City
Alachua residents pack meeting to oppose possible AI data center on U.S. 441

Dozens of Alachua residents spent hours speaking against a potential large-scale data center on a 104-acre parcel along U.S. 441, a site that once housed an Energizer battery plant near San Felasco Tech City. The concerns were sparked by an online real estate listing whose URL referenced a high-megawatt data center development, though the listing’s title has since changed. Residents raised worries about environmental risks and the effect such a facility could have on nearby property values, even though the matter was not formally on the meeting agenda; the city is expected to take up the site in a rescheduled joint Board of County Commissioners meeting.
Point / Counterpoint
The Ledger is neutral; these essays are not. Each side, as steel-manned as we can make it.
Point
The prospect of a large-scale AI data center arriving in Alachua deserves exactly the kind of scrutiny residents brought to this meeting — and city leaders would be wise to treat the public’s alarm not as a nuisance but as a mandate for caution. Data centers are not passive neighbors. Facilities of the high-megawatt scale suggested by the online listing consume enormous quantities of electricity and water, often drawing on local aquifer systems for cooling in ways that strain the Floridan Aquifer that north-central Florida communities depend on for drinking water.

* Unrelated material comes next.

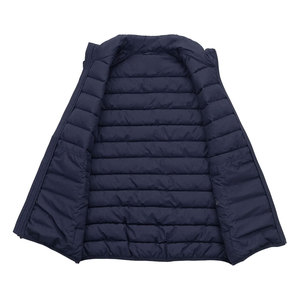 Veste matelassée pour homme, vêtement décontracté, haute qualité, anti-rides, prix raisonnable, respirante, tendance, légère. - Product Image 5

In a region already attentive to the health of Ichetucknee and other springs, adding a major industrial water consumer to the watershed is not a trivial decision.
The property’s history should also give planners pause. The former Energizer battery plant site carries the legacy of industrial use, and any large-scale redevelopment of such a parcel requires careful environmental review. Residents who live and pay taxes near U.S. 441 are entitled to know what contaminants may remain in the soil, how stormwater will be managed, and what noise and light pollution a 24-hour server facility would generate in their neighborhood. These are not hypothetical fears; communities adjacent to large data centers in other states have documented ongoing complaints about hum, vibration, and heat discharge.
The property values concern is equally legitimate. Studies of industrial facility siting have repeatedly shown that residents near high-intensity industrial operations — even legally compliant ones — experience reduced home values and heightened difficulty selling. For a mid-sized city like Alachua, where working families have invested in homes along and near U.S. 441, that is a direct economic harm, not an abstraction. The city’s obligation is to those existing residents first.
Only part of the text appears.